Legacy features

This section describes legacy features from early implementations of QCoDeS. As new features often use similar (or identical) names and achieve similar goals, these older implementations have been laid to rest in these example notebooks. The intent of preserving this data is twofold: first to preserve documentation for users still relient on these systems, and second to better understand these older implementations should their code be revisted.

In addition to the information here, we aim to provide links to sections of documentation where updated information can be found, this is intended to assist early users in transitioning to newer features.

Overview

A QCoDeS experiment typically consists of a Loop that sweeps over one or more Parameters of one or more Instruments, measures other Parameters at each sweep point, and stores all of the results into a DataSet.

While the simple case is quite straightforward, it is possible to create a very general experiment by defining richer Parameters and by performing additional Loop actions at each sweep point. The overview on this page provides a high-level picture of the general capabilities; consult the detailed API references and the samples to see some of the complex procedures that can be described and run.

Loop

A Loop is the QCoDeS way to acquire one or more arrays of data. Every Loop that’s executed consists of a settable Parameter to be varied, some collection of values to set it to, some actions to do at each setpoint, and some conditions by which to run the Loop.

An action can be: - A gettable Parameter (something to measure). Each such Parameter will generate one (or more, if the Parameter itself creates multiple outputs). - A Task to do (for example you measure once, then have a Task to change a gate voltage, then you measure again, and finally a Task to put the gate voltage back where it was). - Wait, a specialized task that just delays execution (but may do other things like monitoring the system in that time) - BreakIf, a callable test for whether to quit (this level of) the Loop.

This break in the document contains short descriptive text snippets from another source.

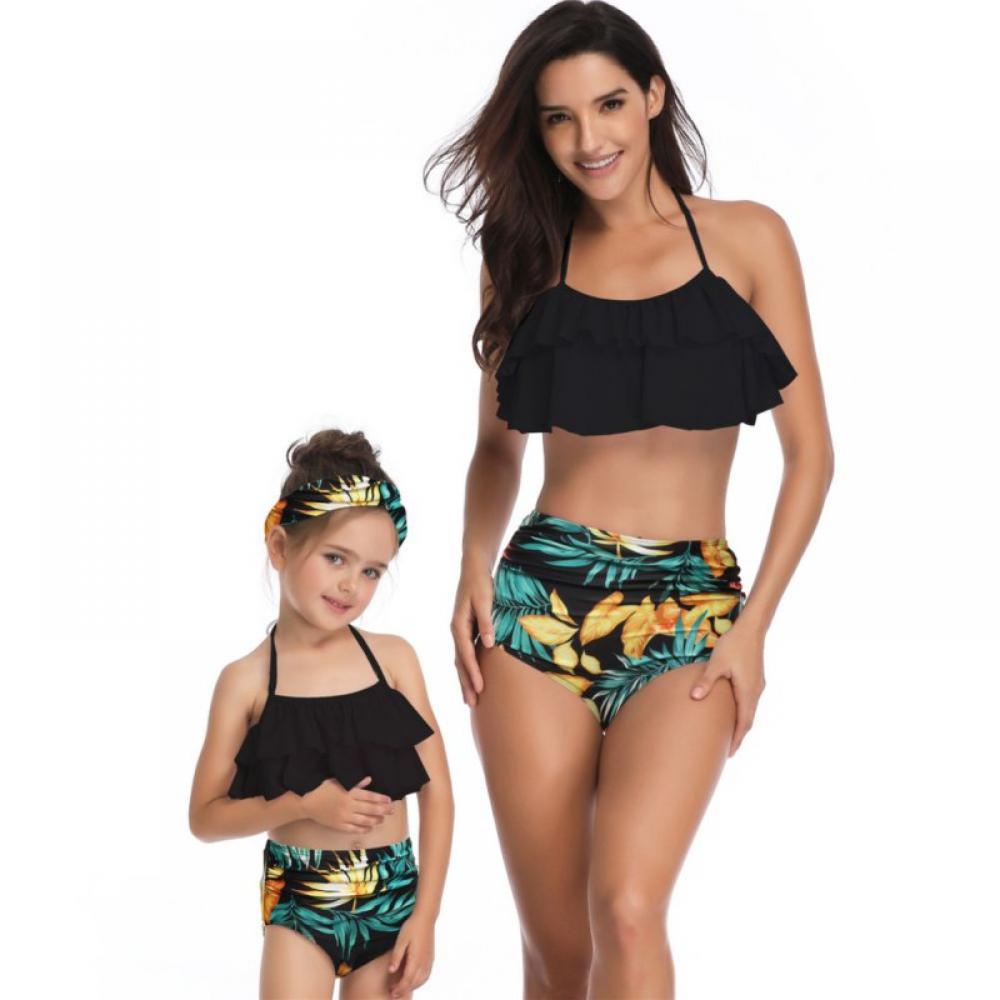 2Pcs Mommy and Me Matching Family Swimsuit Ruffle Women Swimwear Kids Children Toddler Bikini Bathing Suit Beachwear Sets
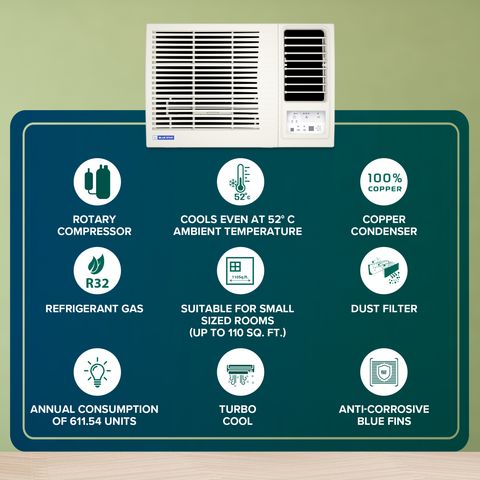 Blue Star L Series 0.8 Ton 3 Star Fixed Speed Window AC (2024 Model, Copper Condenser, Dust Filter, WFD309L)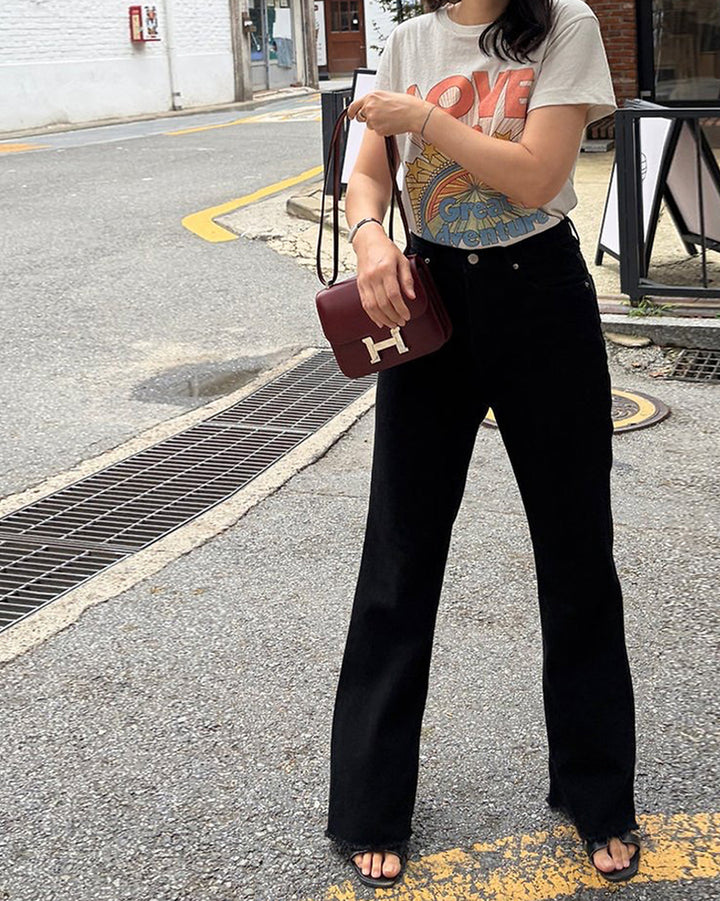 Soft Washed Black Slight Flare Jeans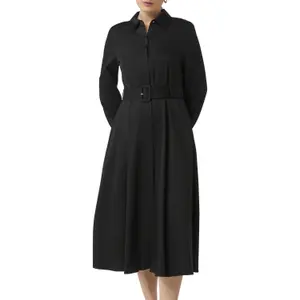 Women's Midi Shirt Dress in Cotton Poplin with Tied Belt COMMA image-2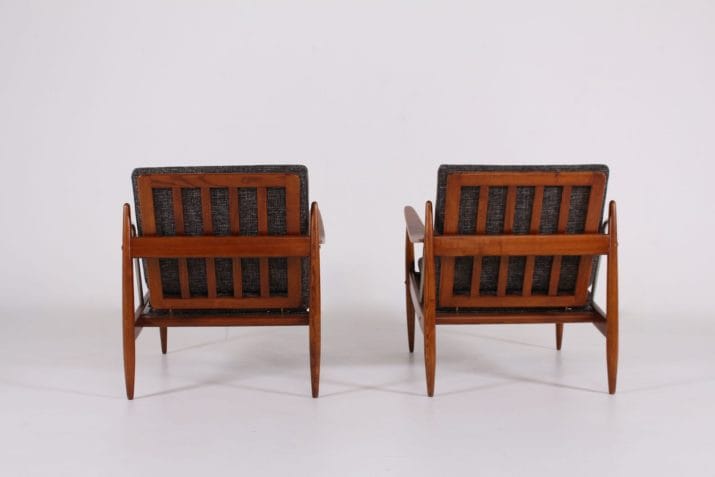paire fauteuils scandinaves tissus chiné 4
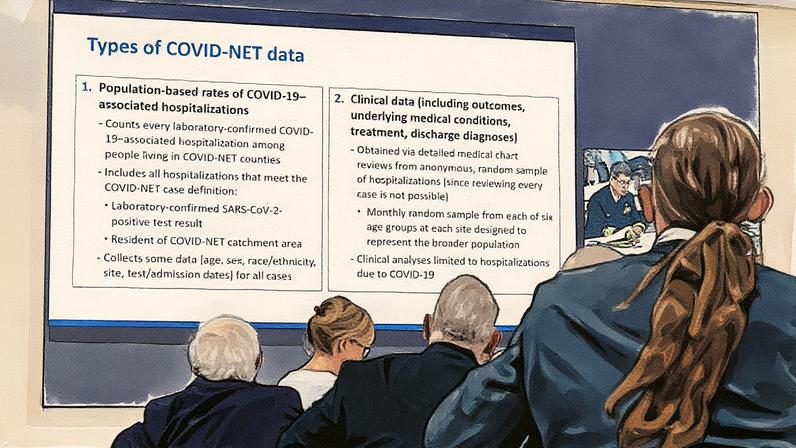Membros do Comitê Consultivo sobre Práticas de Imunização (ACIP) assistem a uma apresentação sobre COVID-19 durante reunião no CDC em Atlanta, Georgia (Foto: Reprodução)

Another Loop nested inside the first, with all its own setpoints and actions. Measurements within a nested loop will produce a higher-dimension output array.

The key loop running conditions are: - background or not: A background Loop runs in its own separate process, so that you can be doing things in the main process like live plotting, analysis on the data as it arrives, preparing for the next measurement, or even unrelated tasks, while the Loop is running. The disadvantage is complexity, in that you can only use RemoteInstruments, and debugging gets much harder. - use threads: If true, we will group measurement actions and try to execute them concurrently across several threads. This can dramatically speed up slow measurements involving several instruments, or all instruments are local. - data manager: If not False, we create another extra process whose job it is to offload data storage, and sync data back to the main process on demand, so that the Loop process can run with as little overhead as possible.

Responsibilities:

  • creating the dataset that will be needed to store its data

  • where and how to save the data to disk

  • generating all the metadata for the DataSet.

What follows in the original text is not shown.